(Your task):
It would help if you retyped the data exactly, leaving out the pictures.

(Entries supplied):

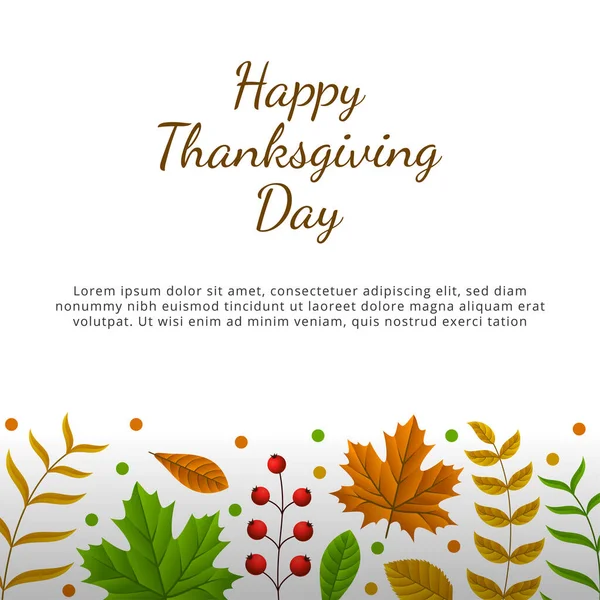 Thanksgiving Day Banner Poster Greeting Card Invitation Background Autumn Season — Stock Vector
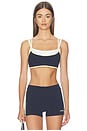 view 1 of 4 Contrast Layered Sports Bra in Navy & Lemon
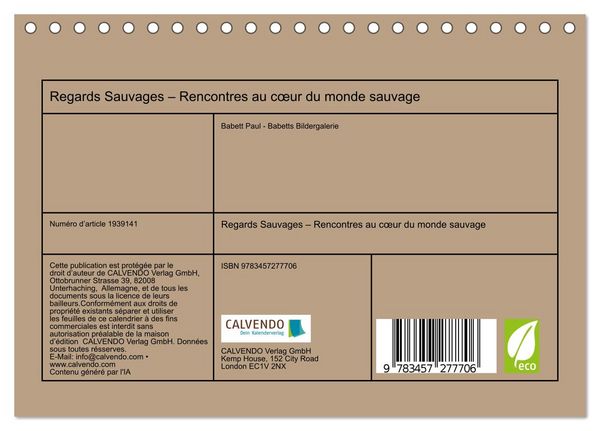 Produktbild: Regards Sauvages &ndash; Rencontres au c&oelig;ur du monde sauvage (Calendrier de bureau 2026 DIN A5 vertical), CALVENDO calendrier mensuel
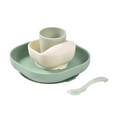 Beaba Silicone 4 Piece Baby Meal Set – Suction Plate, Suction Bowl, Anti-Slip Cup & 2nd Stage Spoon, Non-Slip, Unbreakable, Ergonomic Design, Easy to Clean, BPA-Free Baby Feeding Set for Mess-Free Mealtime Essentials, 4M+ - Sage Green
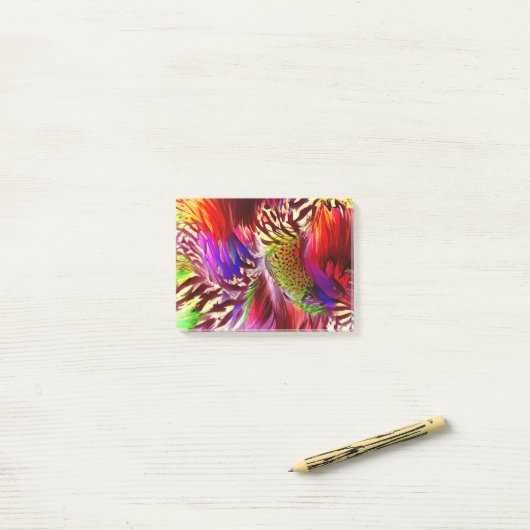 Retro-Regenbogen-Feder-Farbmuster-Blöcke Post-it Klebezettel (Auf Schreibtisch)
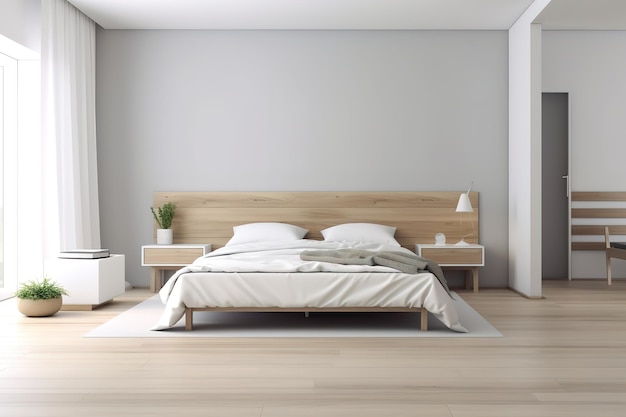 Wnętrze pięknej nowoczesnej sypialni z łóżkiem przed ścianą Generative AI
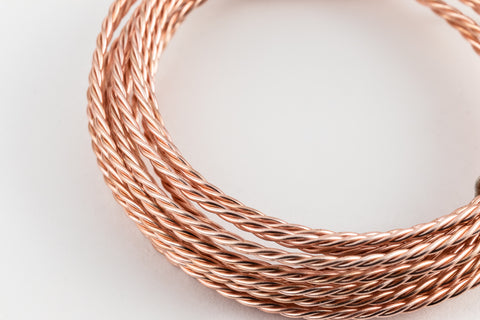 Artistic Wire. Rose Gold 20 Gauge Twisted Round Wire -12 Ft #WRT202
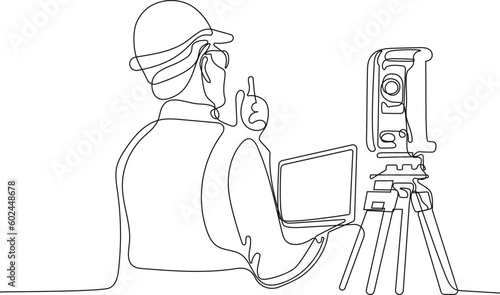 Close up of Caucasian worker with helmet on head using tablet for work while standing in warehouse. Surveyor with a tripod icon. Geodesic tripod. Vector illustration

(Answer to this task):
 Thanksgiving Day Banner Poster Greeting Card Invitation Background Autumn Season — Stock Vector
 view 1 of 4 Contrast Layered Sports Bra in Navy & Lemon
 Produktbild: Regards Sauvages &ndash; Rencontres au c&oelig;ur du monde sauvage (Calendrier de bureau 2026 DIN A5 vertical), CALVENDO calendrier mensuel
 Beaba Silicone 4 Piece Baby Meal Set – Suction Plate, Suction Bowl, Anti-Slip Cup & 2nd Stage Spoon, Non-Slip, Unbreakable, Ergonomic Design, Easy to Clean, BPA-Free Baby Feeding Set for Mess-Free Mealtime Essentials, 4M+ - Sage Green
 Retro-Regenbogen-Feder-Farbmuster-Blöcke Post-it Klebezettel (Auf Schreibtisch)
 Wnętrze pięknej nowoczesnej sypialni z łóżkiem przed ścianą Generative AI
 Artistic Wire. Rose Gold 20 Gauge Twisted Round Wire -12 Ft #WRT202
 Close up of Caucasian worker with helmet on head using tablet for work while standing in warehouse. Surveyor with a tripod icon. Geodesic tripod. Vector illustration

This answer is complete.